PORT ALICE – At least one North Islander knows exactly what this year’s Olympic athletes are feeling.

He was one.

“Your adrenaline gets going, you get nerves,” said former Olympian Ian MacKenzie. “It’s big time.”

MacKenzie was an Olympic swimmer in the 1972 Summer Olympic Games in Munich, Germany when he was just 18 years old.

These days he’s a mill worker in Port Alice where he has lived for the past 29 years but he still fondly remembers his Olympic experience.

“It was a real highlight of my life, no doubt about it,” says MacKenize. “It was real exciting all the good friends you meet. I look back on it, especially now.”

MacKenzie also remembers the night that 11 Israeli athletes were taken hostage and killed in the midst of all the Olympic excitement.

“At the time we had never really heard of terrorism,” said MacKenzie who added that even now it’s not something that usually weighs on competitors’ minds.

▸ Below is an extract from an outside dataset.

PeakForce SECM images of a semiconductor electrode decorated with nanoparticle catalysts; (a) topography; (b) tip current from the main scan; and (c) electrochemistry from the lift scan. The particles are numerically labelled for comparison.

And MacKenzie says the deaths are not something he usually talks about, preferring to remember instead the good times, like international friendships.

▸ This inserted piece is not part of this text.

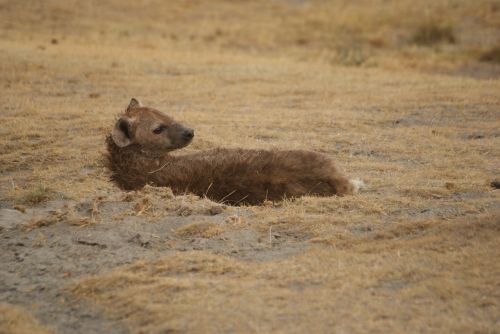 hyena ngorongoro safari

“I got to hook up with old friends,” said MacKenzie. “It was so exciting.”

MacKenzie, who grew up in the small community of Ocean Falls and started swimming at the age of 8, competed in the men’s 200 metre and 4 x 200 metre freestyle as well as the men’s 100 and 200 metre backstroke, placing in the top seven in all four races at the ‘72 Olympics.

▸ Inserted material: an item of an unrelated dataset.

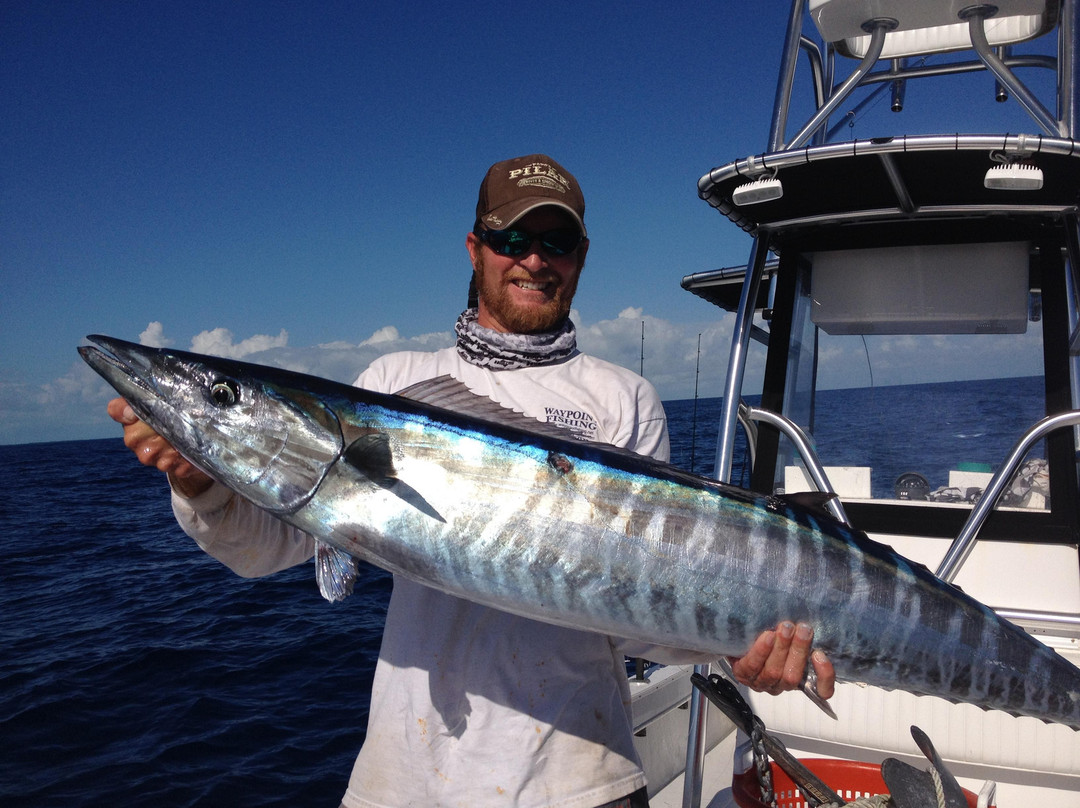 Waypoint Fishing Charters-Summerland Key必去景点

When MacKenzie’s school in Ocean Falls burned down when he was 16, he was given the opportunity to move to Vancouver and train with the Vancouver Dolphins, a world-class swim team.

“I had good coaching,” says MacKenzie, including the top coach in Canada in Ocean Falls. “The coaches did a lot for me.”

Despite the Olympics being far from home MacKenzie said there was always someone in the stands rooting for you.

“Your fellow athletes would go to one another’s events to cheer each other on,” said MacKenzie.

And he said it was “amazing” being around so many world-class athletes, including American swimmer Mark Spitz who won seven gold medals at the 1972 Olympics, a record that stood until Michael Phelps broke it at the 2008 Summer Olympics in Greece.

MacKenzie, who swam alongside Spitz at the Games, described him as “incredible.”

“He was awesome,” said MacKenzie. “He was ahead of his time.”

MacKenzie believes that having the Winter Olympics back in Canada will be a positive experience.

“I think it will be really exciting for Vancouver and even Canada,” said MacKenzie.